#### Records:
= Beginning of Section =

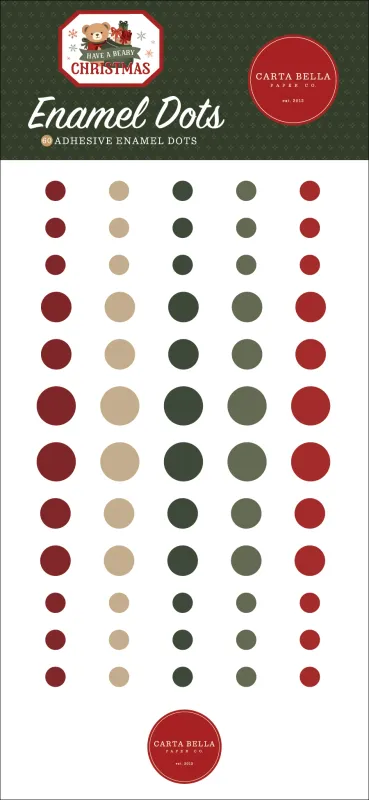 ENAMEL DOTS HAVE A BEARY CHRISTMAS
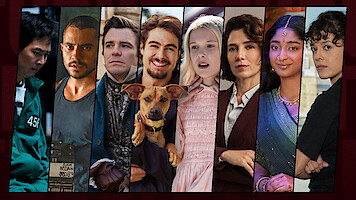 Montagem com diversos títulos da Netflix posicionados lado a lado sobre um fundo vermelho em que se lê "TUDUM"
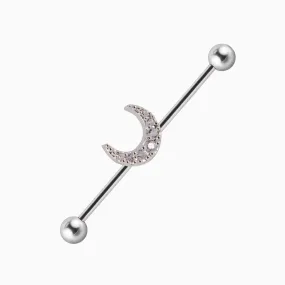 Titanium Moon Industrial Barbell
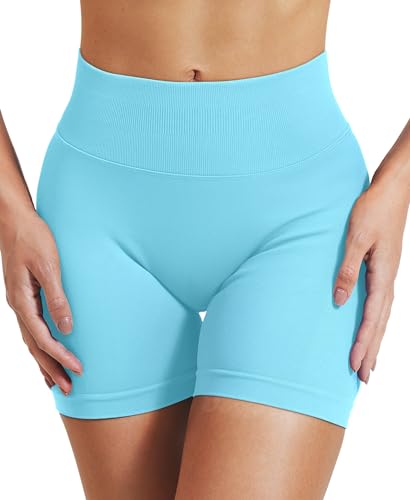 Image of VOYJOY Women Workout Impact Shorts 2.5 inch / 3.6 inch / 4.5 inch / 6 inch Scrunch Butt Booty | Tummy Control, High Waisted, Bike Short, Gentle Compression, for Women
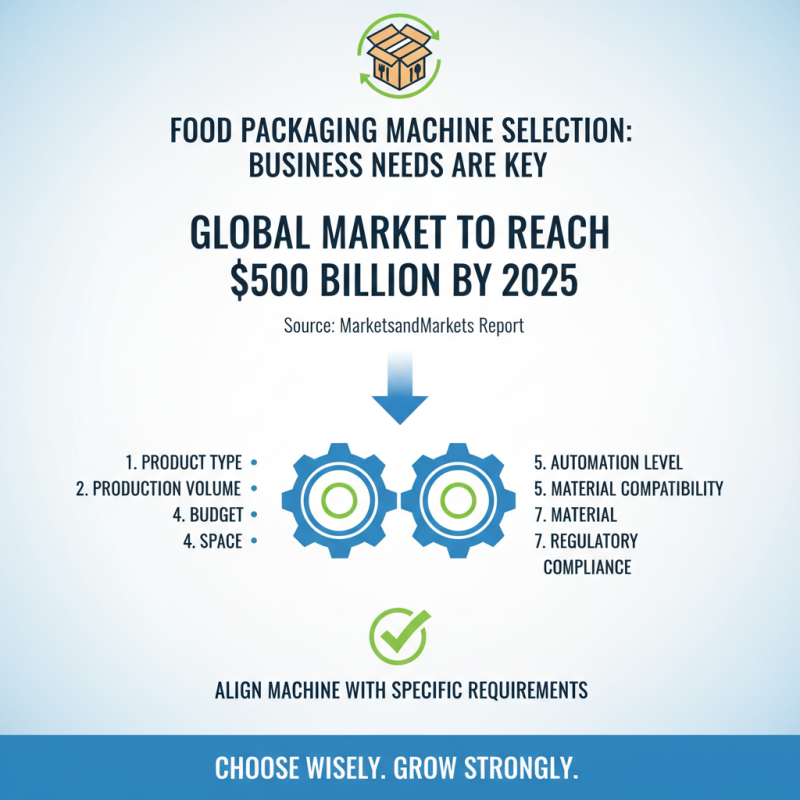 How to Choose the Right Food Packaging Machine for Your Business?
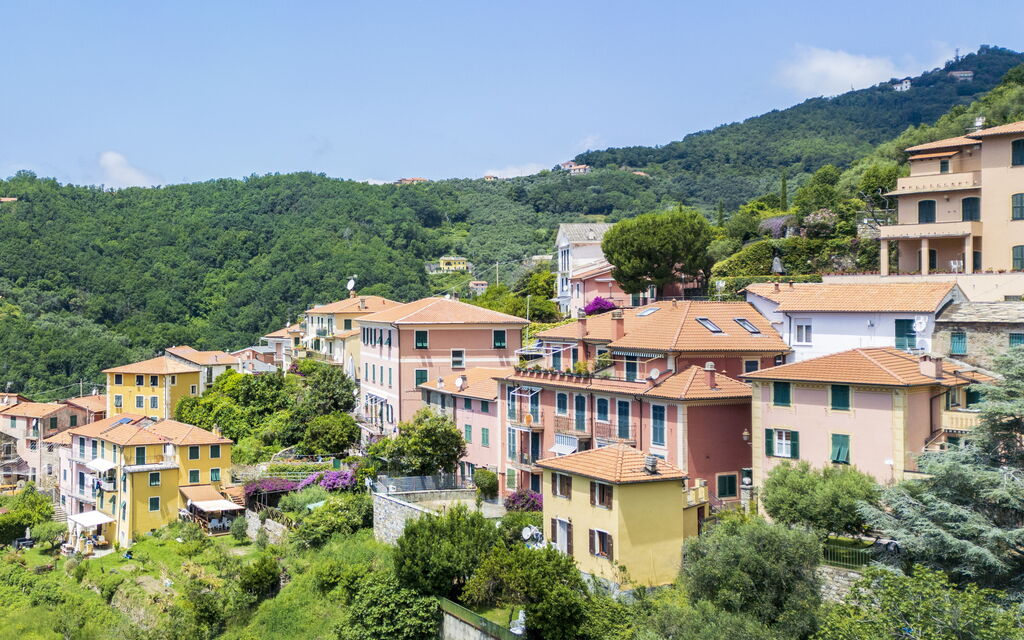 Emma House, Terrace and Sea View, Moneglia: Autunno, Estate, Primavera, Vista Panoramica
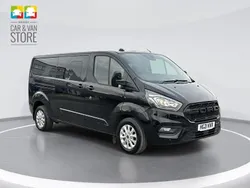 Black Used 2021 Ford Transit Custom Limited Van | £19,499 (Fair price)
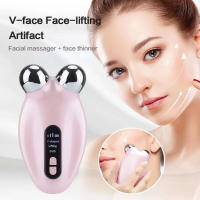 EMS-masajeador Facial de microcorriente, masajeador con rodillo facial en V, rejuvenecimiento de la piel, dispositivo de belleza antiarrugas - details 0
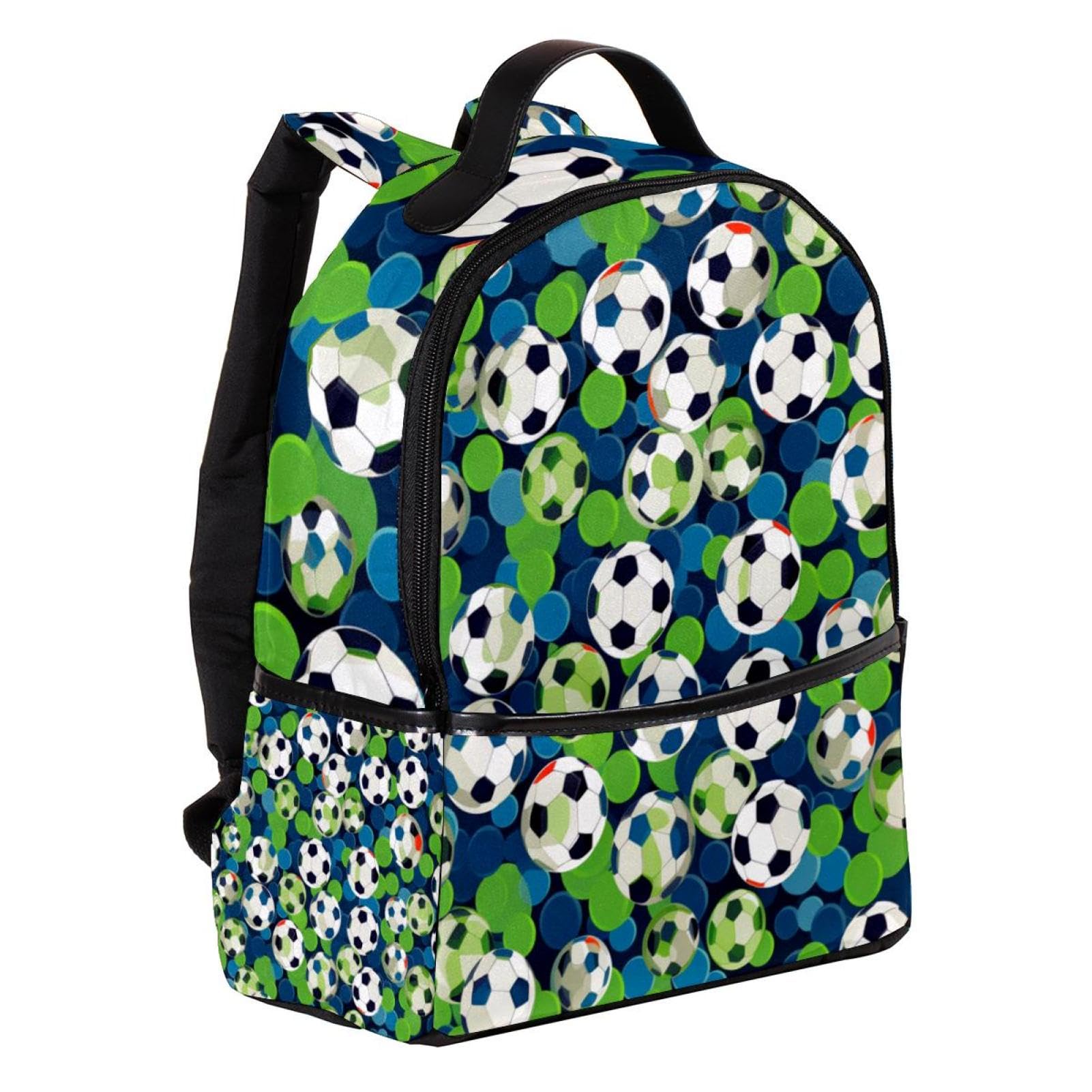 Stylish Travel Backpack for Women & Men - Durable Floral Soccer Ball Print Backpack for Hiking, School, Work & Sports | Perfect for Commuting, Gym & Outdoor Adventures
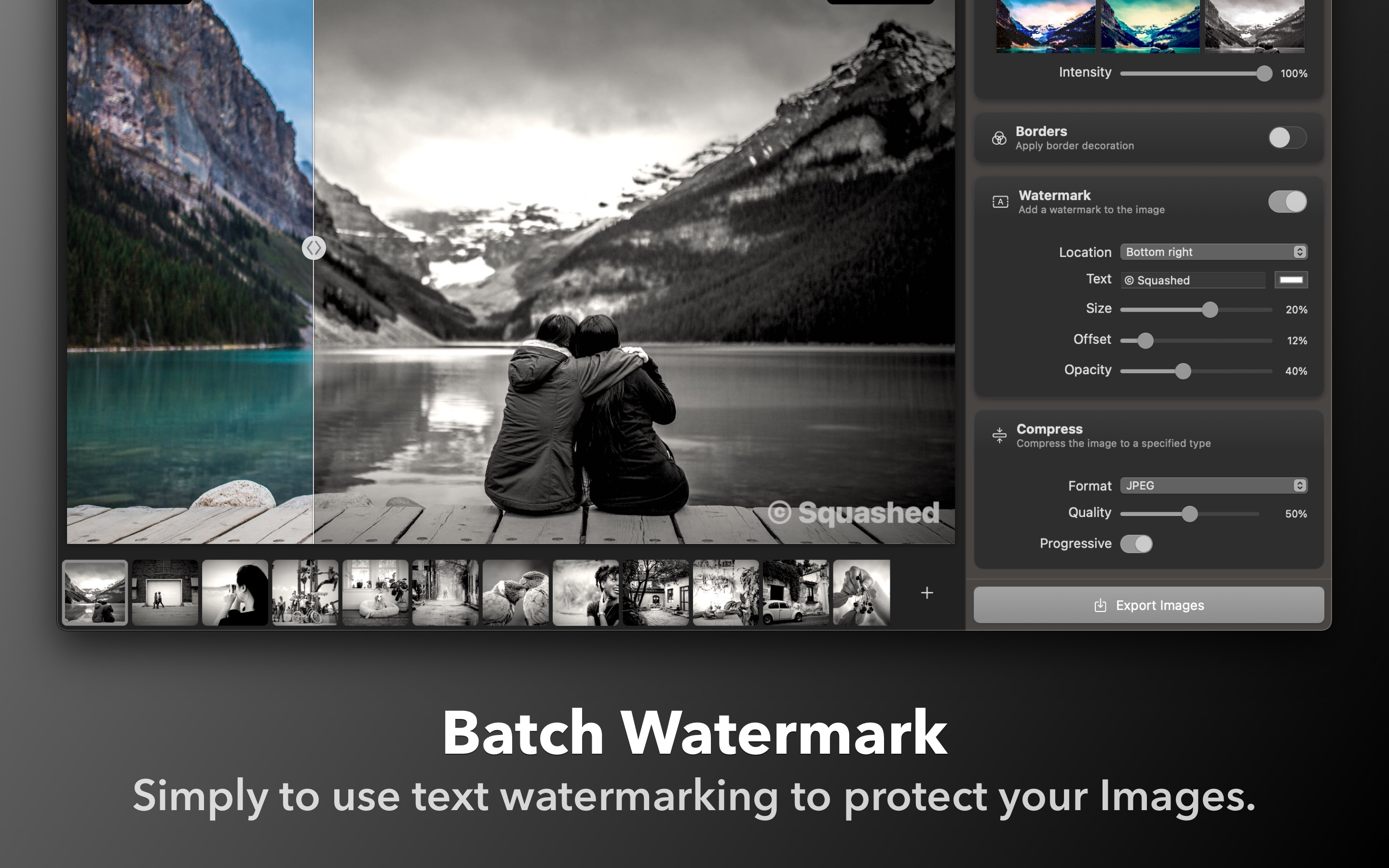 Squash 3 for macOS Batch Watermark Images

= End of Section =

#### Task:
Return exactly the line containing "Montagem com diversos" and every line after it, up to and including the final line of the entries above. Pictures stay out.

#### Answer below:
 Montagem com diversos títulos da Netflix posicionados lado a lado sobre um fundo vermelho em que se lê "TUDUM"
 Titanium Moon Industrial Barbell
 Image of VOYJOY Women Workout Impact Shorts 2.5 inch / 3.6 inch / 4.5 inch / 6 inch Scrunch Butt Booty | Tummy Control, High Waisted, Bike Short, Gentle Compression, for Women
 How to Choose the Right Food Packaging Machine for Your Business?
 Emma House, Terrace and Sea View, Moneglia: Autunno, Estate, Primavera, Vista Panoramica
 Black Used 2021 Ford Transit Custom Limited Van | £19,499 (Fair price)
 EMS-masajeador Facial de microcorriente, masajeador con rodillo facial en V, rejuvenecimiento de la piel, dispositivo de belleza antiarrugas - details 0
 Stylish Travel Backpack for Women & Men - Durable Floral Soccer Ball Print Backpack for Hiking, School, Work & Sports | Perfect for Commuting, Gym & Outdoor Adventures
 Squash 3 for macOS Batch Watermark Images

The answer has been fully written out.